Elle laissa la cigarette se finir entre ses lèvres, silencieuse. Son regard quitta la brune, pour se perdre aux alentours, détaillant dans la pénombre bientôt totale les quelques éléments qui se détachaient encore du décor.  Elle n'était pas loin de la ferme des Crimsons. Mais avec la cavalière aux basques et son cheval, Immy savait qu'elle n'irait pas bien loin. Elle souffla longuement, ignorant complètement la jeune femme à quelques mètres, pour finalement faire quelques pas dans la direction opposée. Elle attrapa les rennes du cheval, caressant tendrement la joue de l'animal un instant. "Tu vois Oona," commença-t-elle en la couvrant d'un regard malicieux, sa main glissant le long du corps de l'animal. "C'est pas que je t'aime pas, mais va falloir que j'y aille. Et lui aussi... J'crois que tu vas devoir repartir à pieds chérie." Elle donna un petit coup dans les flancs du cheval pour qu'il reparte au trot dans la direction du ranch. Sans sa cavalière. Ce devait être un sacré affront, non, de retirer à un crimson la seule chose qui lui donnait l'avantage sur un chacal ? Ses deux paires de jambes de plus, sa vitesse ? Son compagnon ? Immy avait du mal à imaginer la connexion particulière que l'on pouvait développer avec son destrier. Elle, n'avait besoin de personne pour avancer. C'était mieux comme ça.

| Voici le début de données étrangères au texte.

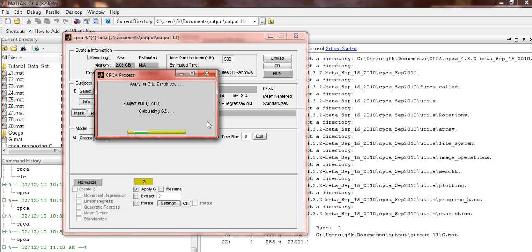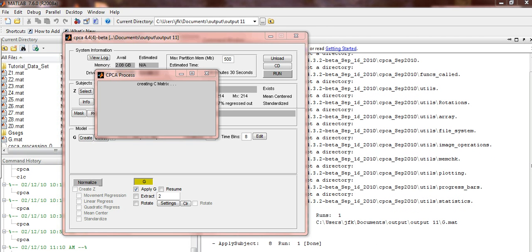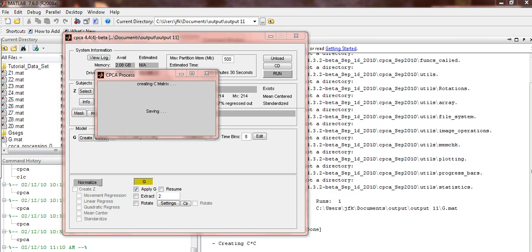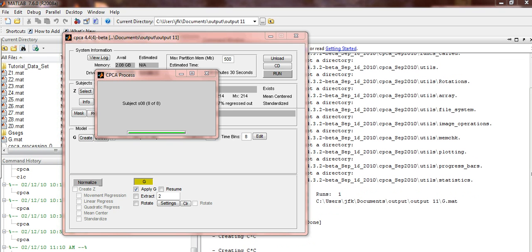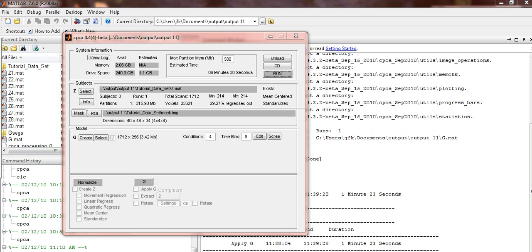It will now go through each of the 8 subjects, applying G to the Z matrices. It will also create a C matrix for each of your 8 subjects. Once this is done, you are ready to extract components.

"Sur ce. Je vais garder ton gun si tu veux bien," elle soupira, "tes clopes," elle fit quelques pas, se rapprochant de la brunette avec un sourire satisfait. "Et ta dignité, apparemment." Tant pis pour ce qu'elle avait prévu de sa soirée ; Immy avait beaucoup mieux rentabilité son temps. Elle était peut-être toujours sale mais elle s'était bien amusée... Quitte à faire grandir le monstre qui sommeillait en elle. Quitte à laisser un peu plus de place au chaos qui vivait dans ses entrailles. Immy fit glisser deux doigts entre ses lèvres pâles, les léchant sommairement pour les embrasser et envoyer ce baiser jusqu'à Oona dans un souffle amusé. "Au revoir Oona Miller," lança le chacal en désertant lentement la scène du crime.